To try and shorten the times between posts, as well as stave off the judgement I foist upon myself when I haven’t given my writing the attention it deserves, I have elected to start this series focused on things that inspire me. Be they poems, music, movies, or literature, I will try my best to share one at least once a week.
These posts will be of a wholly subjective nature. These are works that have spoken to me regardless of their wider appeal or controversy. Some of them were meaningful if for no other reason than when I happened to stumble upon them in the course of my life. Some, I have revisited only to find that they did not hold the weight they once did. They will be included regardless as they still make up the craftmanship of the ladder that is my life. That all being said, I welcome any and all discussion in the comments, so long as it is civil.
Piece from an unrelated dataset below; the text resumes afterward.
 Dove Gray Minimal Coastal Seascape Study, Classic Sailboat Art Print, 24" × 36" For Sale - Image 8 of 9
With no further rambling, I offer the first example of “Things That Inspire.” Thank you for humoring me.
***
“Alone”
by Edgar Allen Poe:
From childhood’s hour I have not been
As others were—I have not seen
As others saw—I could not bring
My passions from a common spring—
From the same source I have not taken
My sorrow—I could not awaken
My heart to joy at the same tone—
And all I lov’d—I lov’d alone—
Then—in my childhood—in the dawn
Of a most stormy life—was drawn
From ev’ry depth of good and ill
The mystery which binds me still—
From the torrent, or the fountain—
From the red cliff of the mountain—
From the sun that ’round me roll’d
In its autumn tint of gold—
From the lightning in the sky
As it pass’d me flying by—
From the thunder, and the storm—
And the cloud that took the form
(When the rest of Heaven was blue)
Of a demon in my view—
***
I first stumbled across this specific poem during my post-high school years when I was really struggling to find my footing in life. An angsty teen-turned withdrawn young adult, the prose immediately spoke to me. Echoing in my heart a kindred spirit I had always felt I had shared with, well, no one.
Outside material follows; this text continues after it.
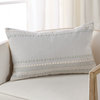 Velika Striped Light Blue/ Cream Pillow, 13"x21", Polyester Fill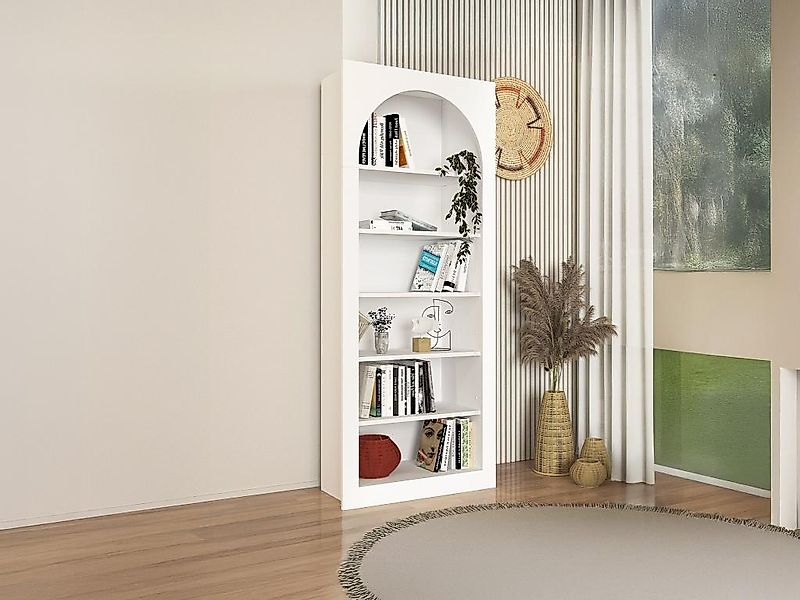 Bücherregal mit 6 Ablagefächern - Weiß - CYMORA günstig online kaufen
I had, of course, known of Edgar Allen Poe since elementary school. I had read his more prolific works: “The Raven,” “The Tell-Tale Heart,” “Black Cat,” and “The Cask of Amontillado” being those which stood out most. I had always enjoyed the subtle current of unease his works invoked, as well as the pacing and feeling of mounting dread. However, reading Poe had never progressed for me further than a task to be undertaken at the school desk, a passing grade to be achieved in English class.
After the final bell rang on what would be the summation of my schooling career, and I found myself thrust out into the adult world, I, admittedly, thought little of those literary works that had sparked my interest whilst I graced the suffocating halls of the various academic institutions I had attended. I had always had a love of the written word, both the consuming and creation of it, but, finding myself unchained by assignment or grade, I pursued authors and works that had not been forced upon me by curriculum nor syllabus.
Eventually, over the course of my dropping out of college, and the subsequent job-hopping that came thereafter, I began to return to things that had once caught my ear or eye. By this point, I had almost completely stopped writing. I had prolifically done so through my schooling years. Notebooks upon notebooks of, mostly, embarrassing fanfiction. Punctuated now and again by scribbles of poetry and scratchings of erotica. I believe that it was on Tumblr, the puppies-to-porn days, that I stumbled upon a post highlighting a work of Edgar Allen Poe I had never seen before. That being, of course, the aforementioned poem: “Alone.”
My outcast’s heart sang as I read the lines, then reread them, then looked up a recording of somebody else reading it so that I might close my eyes and just let the words sink through my hardened shell to the caged creative within. Afterwards, I printed up a copy and hung it on the wall of my childhood bedroom, which I still occupied in my father’s house, having not the funds to afford my own place yet.
Sadly, inspiration to write was not all the poem awoke within me. Throughout my middle and high school years I had often taken blade to flesh in desperation for an outlet for feelings I could not comprehend within me. Being older now, substance abuse had entered my repertoire, and many were the nights that by lamplight I would read the poem, hanging upon my wall, as liquor burned my throat and cocaine stung my nostrils. With these tools I attempted to tear from me the words to put to page to satiate my need to release them from heart and mind.
Though those years are behind me now, save the errant, lonesome night, the memories of them still grant me inspiration whenever I need to tap into darker feelings in my writing. Sometimes I even find myself, on a night off, once the whiskey starts to sing through my veins, pulling up a recording reading of “Alone” once more, closing my eyes, and allowing the words to sing to my creative heart once more.